Scan the records for the string "healthy"; copy each line where it occurs.

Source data
══════
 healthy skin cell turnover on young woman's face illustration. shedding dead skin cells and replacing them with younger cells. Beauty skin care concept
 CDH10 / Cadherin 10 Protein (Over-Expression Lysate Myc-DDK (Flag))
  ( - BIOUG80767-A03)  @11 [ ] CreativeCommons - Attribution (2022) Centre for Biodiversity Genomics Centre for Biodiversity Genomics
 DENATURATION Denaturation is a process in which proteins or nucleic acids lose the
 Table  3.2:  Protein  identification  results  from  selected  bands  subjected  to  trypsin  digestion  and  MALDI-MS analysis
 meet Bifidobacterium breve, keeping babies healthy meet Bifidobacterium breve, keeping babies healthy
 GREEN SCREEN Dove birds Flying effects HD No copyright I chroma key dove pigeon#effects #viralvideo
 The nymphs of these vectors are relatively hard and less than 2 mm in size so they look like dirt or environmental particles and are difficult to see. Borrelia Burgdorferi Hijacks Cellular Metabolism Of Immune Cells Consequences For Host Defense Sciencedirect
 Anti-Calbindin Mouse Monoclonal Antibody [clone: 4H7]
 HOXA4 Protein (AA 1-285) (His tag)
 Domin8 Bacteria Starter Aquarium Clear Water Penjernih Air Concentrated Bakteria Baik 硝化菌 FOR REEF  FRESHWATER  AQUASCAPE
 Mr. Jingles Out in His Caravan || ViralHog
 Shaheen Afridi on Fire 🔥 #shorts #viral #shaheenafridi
══════
[Solution to this exercise]
 healthy skin cell turnover on young woman's face illustration. shedding dead skin cells and replacing them with younger cells. Beauty skin care concept
 meet Bifidobacterium breve, keeping babies healthy meet Bifidobacterium breve, keeping babies healthy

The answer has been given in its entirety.